Motion City Soundtrack
My Dinosaur Life (Columbia/Sony)
In the early aughts, there was a glut of emo rockers from the Midwest plucking at our heartstrings and rocking with youthful purpose. Fewer flies are buzzing, and the survivors will need to find unique ways to adapt. These Minnesotans barely stave off certain doom by retaining the melodic core that first gave these groups relevance, and cutting out the cheap gimmickry. 5.5/10 Trial Track: “@!#?@!” (Erik Leijon)
OK Go
Of the Blue Colour of the Sky (Capitol/EMI)
So a few years ago, OK Go YouTubed a homemade music video with them doing a choreographed routine, and suddenly went from label-merger casualties to award-show performers. Of course, when they performed at the MTV awards, they did their treadmill dance with the song they wrote playing in the background. Pretty much sums up their latest. 5/10 Trial Track: “This Too Shall Pass” (Erik Leijon)
The Juan MacLean
The Future Will Come Remixes (DFA/Scion AV)
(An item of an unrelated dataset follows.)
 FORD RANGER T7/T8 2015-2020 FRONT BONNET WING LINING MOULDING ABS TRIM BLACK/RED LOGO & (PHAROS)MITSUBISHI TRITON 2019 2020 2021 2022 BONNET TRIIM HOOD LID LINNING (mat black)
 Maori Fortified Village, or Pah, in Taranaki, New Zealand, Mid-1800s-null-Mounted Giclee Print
Gavin Russom’s remix of cosmic funk jam “Accusations” is more restrained and robotic, but equally psychedelic. Canyons rework the bubbly, whimsical title track into a slick classic electro groove. House of House make melancholic piano lament “Human Disaster” into a wash of relentless percussion and pulsing synths. Shit Robot makes “No Time” super dark and heavy, as if it were Juan five years ago. 9/10 Trial Track: “No Time” (Jack Oatmon)
Ke$ha
Animal (RCA/Sony)
A chilling window into the vacant mind of a Valley party girl. Regrettable 4 a.m. Facebook confessions set to a Black Eyed Peas perma-loop, with auto-slurred talk-singer Ke$ha successfully giving the impression she’s found a miracle hangover cure in flavoured vodka. If you ever wonder what your slutty daughter does for kicks, these are the impetuous in-the-moment ramblings of loutish youth. 6/10 Trial Track: “Backstabber” (Erik Leijon)
Jack Splash
King of the Beats Vol. 1 (independent)
Between the snappy, sparkling jams he cooks up—dude’s worked with Missy, Foxx, Keys, Legend, you name it—and the lame, lurching, grab-ya-balls braggadocio of his rapping, it’s clear that producer-plus Jack Splash is better off behind the board, not the mic. On this second of three “mixtapes” (full albums of originals, actually), part of a grandiose build-up to his J Records debut in May, wicked little bundles of funk abound, but the vocals should have been left entirely to pals like Cee-lo Green, whose refrain on “38 Special,” one mere line looped, nonetheless elevates the track to honeyed heaven. 6/10 Trial Track: “38 Special” feat. Cee-lo (Rupert Bottenberg)
Robin Thicke
Sex Therapy (Interscope/Universal)
Thicke’s fourth set strays from the ’70s soul vibe he mined so well on 2008’s Something Else. Instead, he opts for a more generic R&B sound on tracks like “Shakin It 4 Daddy” which, not surprisingly, falls flat. But he redeems himself on songs like “Mrs. Sexy” and “Jus Right” by riding the retro wave that worked so well for him before. 7.5/10 Trial Track: “Jus Right” (Gerard Dee)
Bei Bei & Shawn Lee
Into the Wind (Ubiquity)
The collaboration between California’s Bei Bei He—since seven, a player of the Chinese guzheng, an outsized zither—and Ubiquity’s ubiquitous kitsch-funk studio rat Shawn Lee amounts at the very least to sultry jams suited to some grainy, bell-bottomed Hong Kong gangster flick—and that’s no complaint. The more sublime moments, however, recall the astral jazz pluckings of Alice Coltrane and Dorothy Ashby. 8.5/10 Trial Track: “Hot Thursday” (Rupert Bottenberg)
MINI CD REVIEWS
Jookabox Dead Zone Boys (Asthmatic Kitty/Domino) Oddball dirty noise-funk: a hodgepodge of weird sounds, percussion and non-musical vocals forming into a perfect symphony of dissonance. 8.5 (EL)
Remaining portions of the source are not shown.